First, the issue of the use of drones in combat: My understanding of war (however fragmentary it may be) is that the whole point of it is to kill as many of the enemy as you can, while getting as few of your own guys killed in the process. I suspect that there is something of a very outmoded form of chivalry involved with those who are against drones- it just doesn't seem fair to reduce the likelihood that you will get killed in battle to zero. And maybe someone wants to make the case that, without casualties and the consequent alienation of their populations, there is no brake on governments using warfare as a standard tactic of diplomacy. Fine, that makes some sense, but I don't think it is what is being argued here. War is horrible and we should never resort to it except as a last resort, but is drone warfare really any more abominable than any other form of warfare? I can't answer this question one way or the other, but I suspect that, to the victim, getting killed by a drone is noworse than getting killed by a manned fighter plane, or a shell from a tank.
Second, there is the tremendous outrage over the fact that the President might authorize the killing of American civilians who have chosen to fight with our enemies. This issue bothers me even more than the drone thing, for here I see nothing at work but pure national chauvinism. If an American citizen has truly gone over to the service of a clear enemy, why should his life be any more precious than if he were Iraqi or Iranian, people who have true grievances against the United States?
An Iranian might very justly tell himself that he is taking up arms against the country that destroyed his country's democracy and replaced it with a vicious dictatorship; and where major factions in the government are openly agitating for more unjustified military aggression directed toward his people. Is that not a causus belli, or do they have to wait over there until the next time that the Cheneys and the McCains seize control of our government, and direct a few hundred million dollars worth of explosives toward their country, before they have a right to be angry at us?
The few Americans who have become our targets, on the other hand, seem to me to be mostly juveniles who have let their macho, violent fantasies overtake their reason (not unlike lots of their gun-toting right wing compadres in this country,) and who really have little more to complain about if they fall victim to their idiocy, than a would-be suicide bomber who blows himself up making a bomb.
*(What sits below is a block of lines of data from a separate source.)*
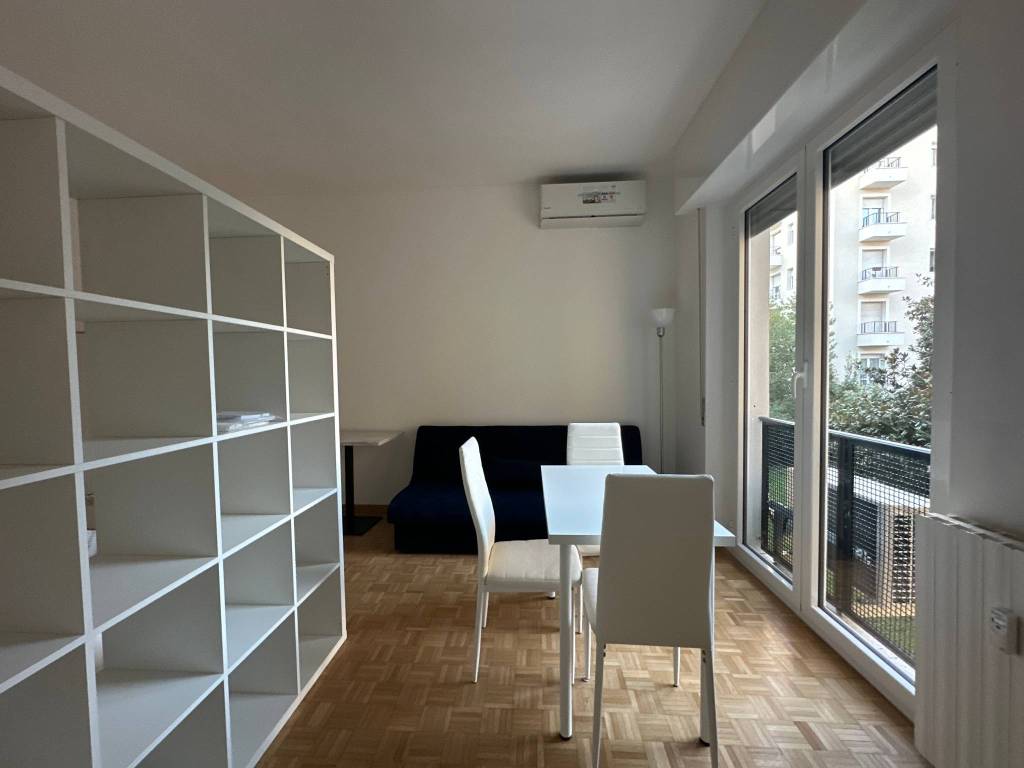 appartamento in affitto a Milano in zona Cinque Giornate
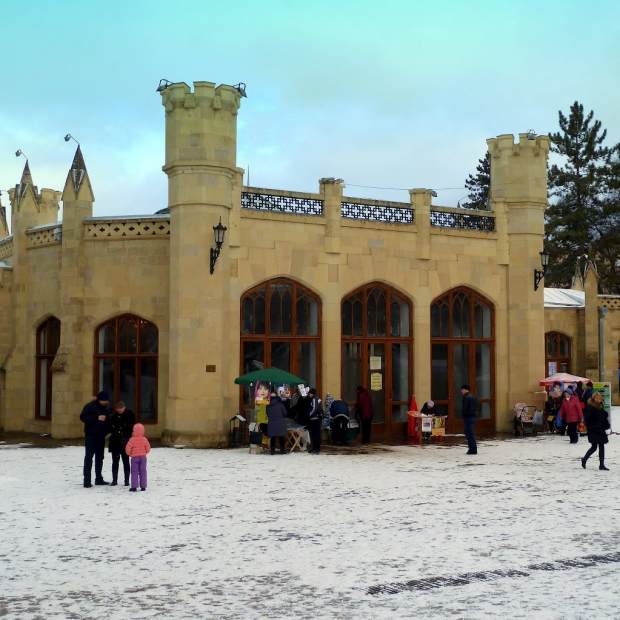 Фотография достопримечательности Нарзанная питьевая галерея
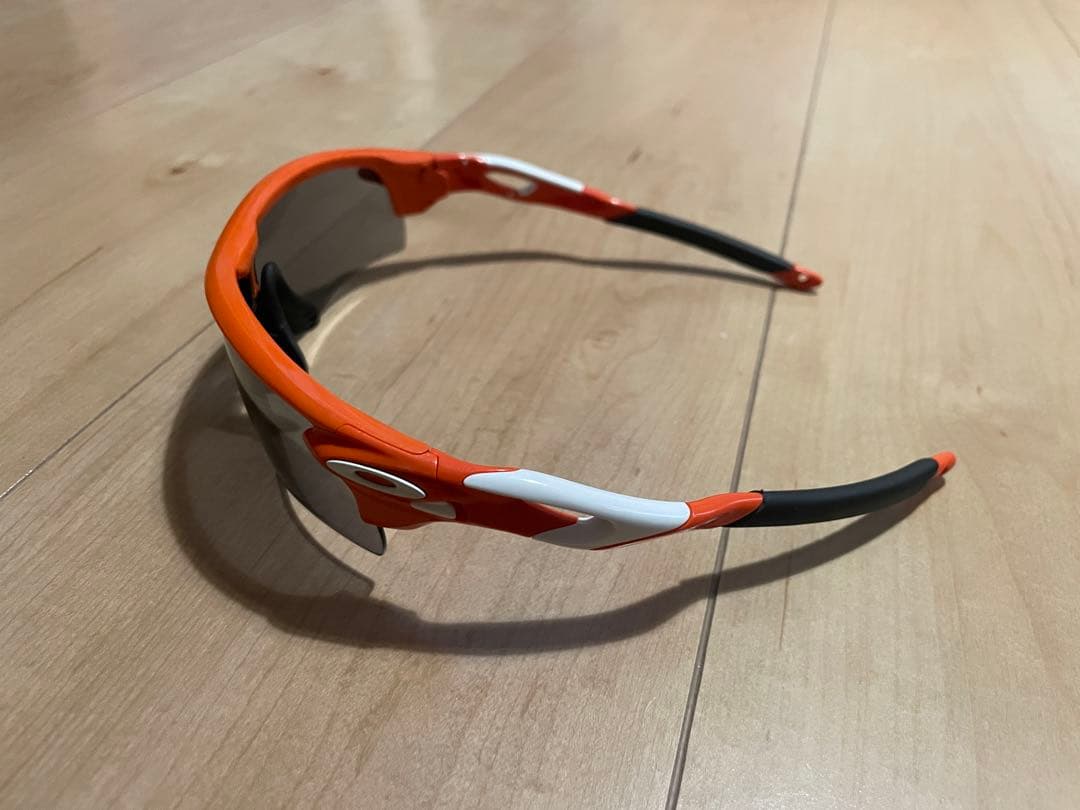 OAKLEY レーダーロックパス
Well...maybe there's something really defective with my moral standards, but these two things have been bothering me as I hear more and more pontificating on the matter. Am I way off base? I just don't know.
Comments
US policy is to consider all adult males in the kill zone as combatants unless there is evidence to the contrary. You could be there to sell fruit or visit a sick aunt and you’d still be deemed a hostile.
The American targets, on the other hand, are known scumbags with a name and a terrorist profile who are operating in a warzone, not civilians sitting in their house in Michigan.
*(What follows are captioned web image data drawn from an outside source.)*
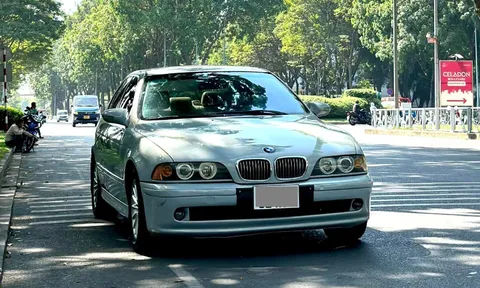 BMW 5-Series 2003 rao bán chỉ ngang Honda SH 150i đời mới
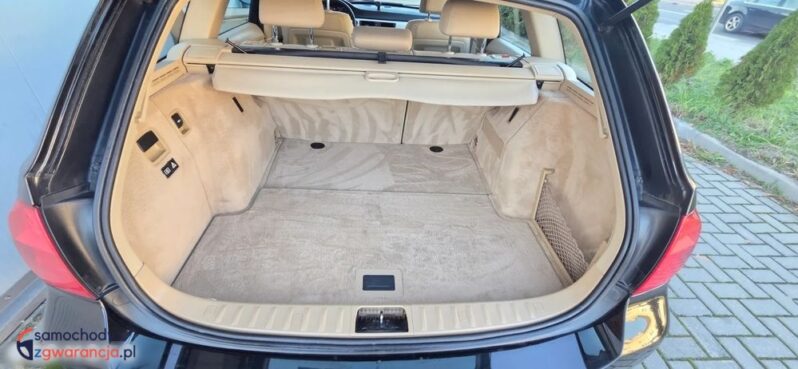 BMW Seria 3 318d DPF Touring full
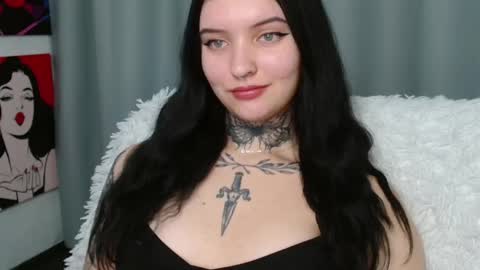 Lina online show from 01/11/25, 07:05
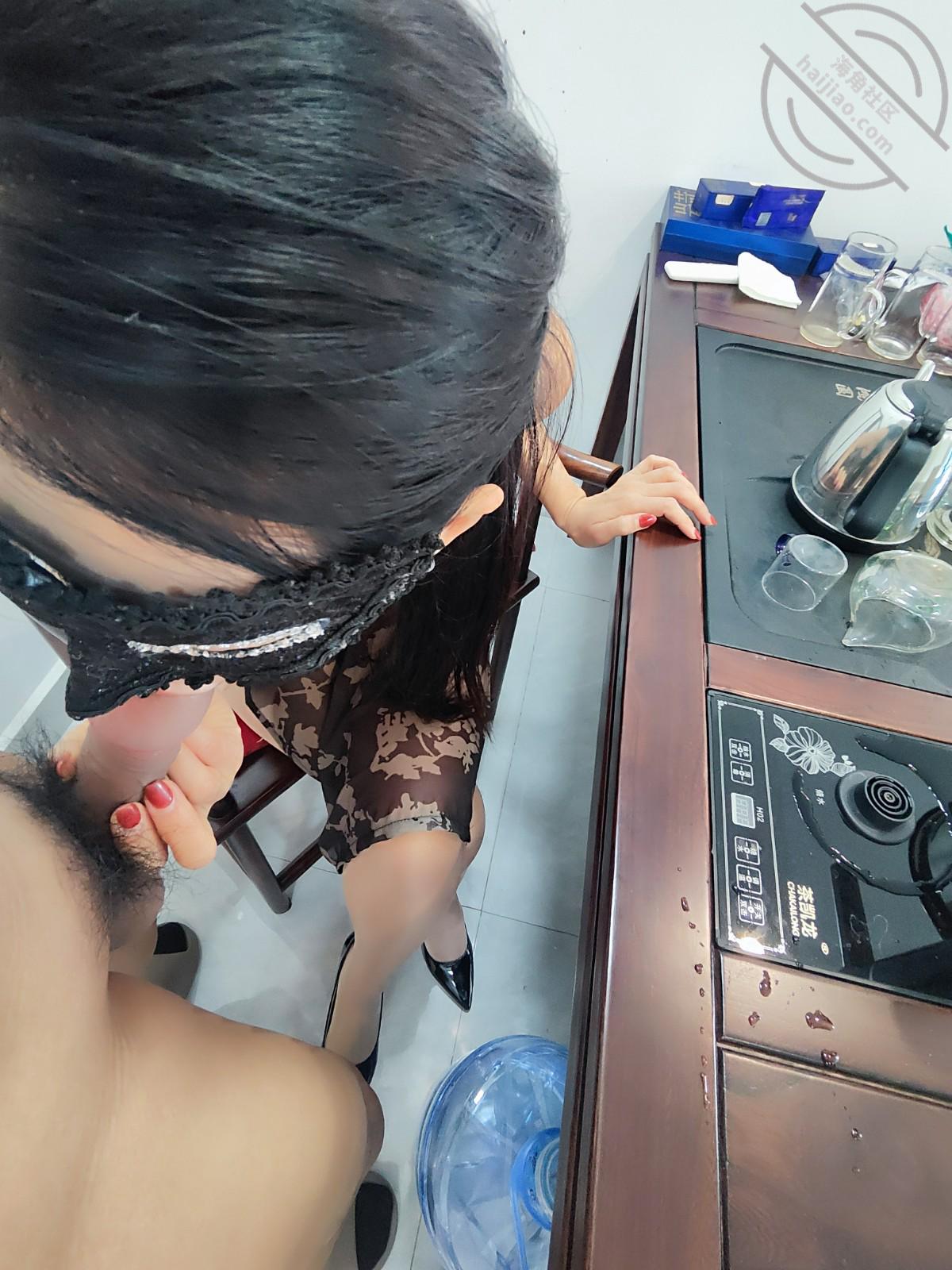 图片[21]-作者：脆脆倒在丝袜上 《海角原创（80）在茶室里操旗袍肉丝嫂子，情到深处提肛交的事竟然没拒绝》-老宋小屋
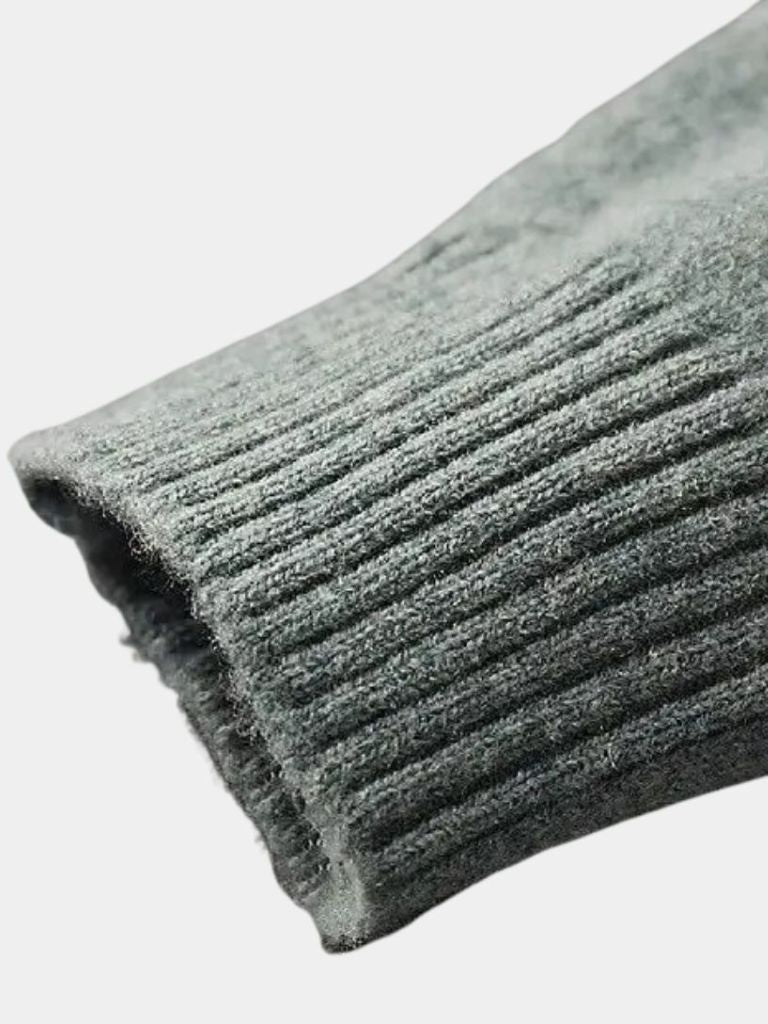 100% Merino Wool Turtleneck Sweater - Fayymont Co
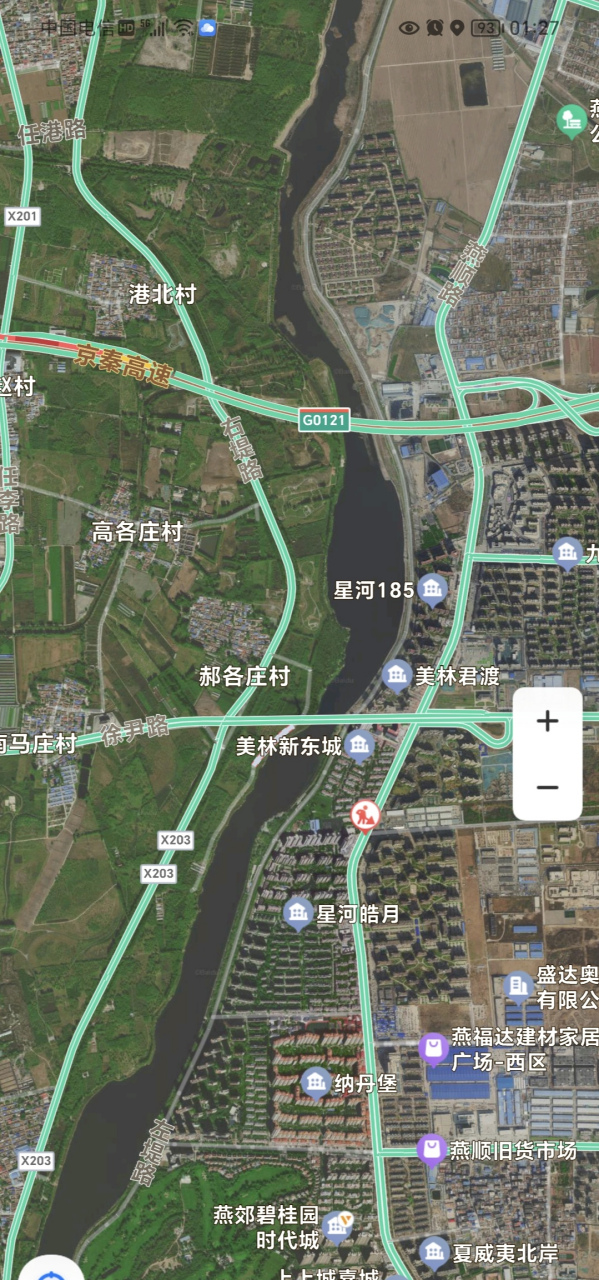 高楼大厦的一侧是河北廊坊三河市的燕郊镇,田野乡村的一侧是北京通州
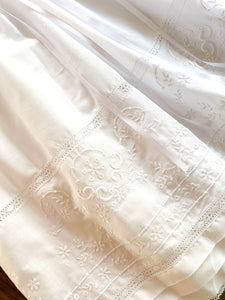 Roupa de Batizado Realeza bordado 100% algodão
Drones are precision weapons that make an enemy vulnerable where he would otherwise be invulnerable without massive investment of personnel on the ground and in harm’s way. If people want this military action to continue… then all other options are costlier to everyone.
Therefore….
I have real trouble seeing this ‘outrage’ as rooted in anything other than the attitude that it’s okay to kill nameless foreigners who might be innocent and have their kid standing next to them - boo-hoo too bad so sad - but not vile, traitorous and murderous people who happen to be Americans.
And can you imagine the uproar from the Right if one of these guys committed or enabled an act of terror in the US and Obama didn’t get him when he could have simply because he was American?